**Work item:**
From the first line to the last, give the records again exactly.

** Recorded data follows **

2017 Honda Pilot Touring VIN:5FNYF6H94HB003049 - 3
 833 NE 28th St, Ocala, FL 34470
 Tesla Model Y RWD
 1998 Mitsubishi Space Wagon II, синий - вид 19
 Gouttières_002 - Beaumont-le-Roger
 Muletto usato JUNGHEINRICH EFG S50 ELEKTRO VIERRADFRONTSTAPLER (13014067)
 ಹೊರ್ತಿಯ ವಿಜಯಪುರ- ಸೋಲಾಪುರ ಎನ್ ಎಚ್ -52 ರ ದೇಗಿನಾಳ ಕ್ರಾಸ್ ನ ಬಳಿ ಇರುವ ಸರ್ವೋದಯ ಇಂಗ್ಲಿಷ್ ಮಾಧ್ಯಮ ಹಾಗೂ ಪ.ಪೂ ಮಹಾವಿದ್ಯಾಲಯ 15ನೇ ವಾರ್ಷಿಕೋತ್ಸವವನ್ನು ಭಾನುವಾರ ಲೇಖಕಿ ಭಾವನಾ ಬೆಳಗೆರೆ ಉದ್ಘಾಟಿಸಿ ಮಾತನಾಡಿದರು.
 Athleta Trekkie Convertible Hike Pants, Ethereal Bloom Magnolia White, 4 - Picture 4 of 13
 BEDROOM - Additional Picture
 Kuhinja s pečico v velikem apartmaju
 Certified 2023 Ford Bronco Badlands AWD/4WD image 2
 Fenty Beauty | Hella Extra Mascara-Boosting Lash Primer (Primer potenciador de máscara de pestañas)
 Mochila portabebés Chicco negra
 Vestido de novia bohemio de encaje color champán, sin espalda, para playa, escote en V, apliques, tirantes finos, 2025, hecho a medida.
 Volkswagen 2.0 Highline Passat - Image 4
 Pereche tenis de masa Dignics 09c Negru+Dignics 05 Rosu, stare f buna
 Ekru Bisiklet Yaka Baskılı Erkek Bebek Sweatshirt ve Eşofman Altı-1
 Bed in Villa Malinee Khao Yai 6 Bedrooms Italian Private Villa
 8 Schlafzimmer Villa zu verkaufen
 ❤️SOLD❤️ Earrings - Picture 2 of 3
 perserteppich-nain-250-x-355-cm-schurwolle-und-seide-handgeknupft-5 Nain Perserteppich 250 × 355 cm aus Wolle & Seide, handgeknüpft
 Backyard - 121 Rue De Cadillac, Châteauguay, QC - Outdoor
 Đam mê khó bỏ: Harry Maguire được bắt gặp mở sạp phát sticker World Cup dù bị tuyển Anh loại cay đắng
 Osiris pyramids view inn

** End of Recorded data **

**Result below:**
2017 Honda Pilot Touring VIN:5FNYF6H94HB003049 - 3
 833 NE 28th St, Ocala, FL 34470
 Tesla Model Y RWD
 1998 Mitsubishi Space Wagon II, синий - вид 19
 Gouttières_002 - Beaumont-le-Roger
 Muletto usato JUNGHEINRICH EFG S50 ELEKTRO VIERRADFRONTSTAPLER (13014067)
 ಹೊರ್ತಿಯ ವಿಜಯಪುರ- ಸೋಲಾಪುರ ಎನ್ ಎಚ್ -52 ರ ದೇಗಿನಾಳ ಕ್ರಾಸ್ ನ ಬಳಿ ಇರುವ ಸರ್ವೋದಯ ಇಂಗ್ಲಿಷ್ ಮಾಧ್ಯಮ ಹಾಗೂ ಪ.ಪೂ ಮಹಾವಿದ್ಯಾಲಯ 15ನೇ ವಾರ್ಷಿಕೋತ್ಸವವನ್ನು ಭಾನುವಾರ ಲೇಖಕಿ ಭಾವನಾ ಬೆಳಗೆರೆ ಉದ್ಘಾಟಿಸಿ ಮಾತನಾಡಿದರು.
 Athleta Trekkie Convertible Hike Pants, Ethereal Bloom Magnolia White, 4 - Picture 4 of 13
 BEDROOM - Additional Picture
 Kuhinja s pečico v velikem apartmaju
 Certified 2023 Ford Bronco Badlands AWD/4WD image 2
 Fenty Beauty | Hella Extra Mascara-Boosting Lash Primer (Primer potenciador de máscara de pestañas)
 Mochila portabebés Chicco negra
 Vestido de novia bohemio de encaje color champán, sin espalda, para playa, escote en V, apliques, tirantes finos, 2025, hecho a medida.
 Volkswagen 2.0 Highline Passat - Image 4
 Pereche tenis de masa Dignics 09c Negru+Dignics 05 Rosu, stare f buna
 Ekru Bisiklet Yaka Baskılı Erkek Bebek Sweatshirt ve Eşofman Altı-1
 Bed in Villa Malinee Khao Yai 6 Bedrooms Italian Private Villa
 8 Schlafzimmer Villa zu verkaufen
 ❤️SOLD❤️ Earrings - Picture 2 of 3
 perserteppich-nain-250-x-355-cm-schurwolle-und-seide-handgeknupft-5 Nain Perserteppich 250 × 355 cm aus Wolle & Seide, handgeknüpft
 Backyard - 121 Rue De Cadillac, Châteauguay, QC - Outdoor
 Đam mê khó bỏ: Harry Maguire được bắt gặp mở sạp phát sticker World Cup dù bị tuyển Anh loại cay đắng
 Osiris pyramids view inn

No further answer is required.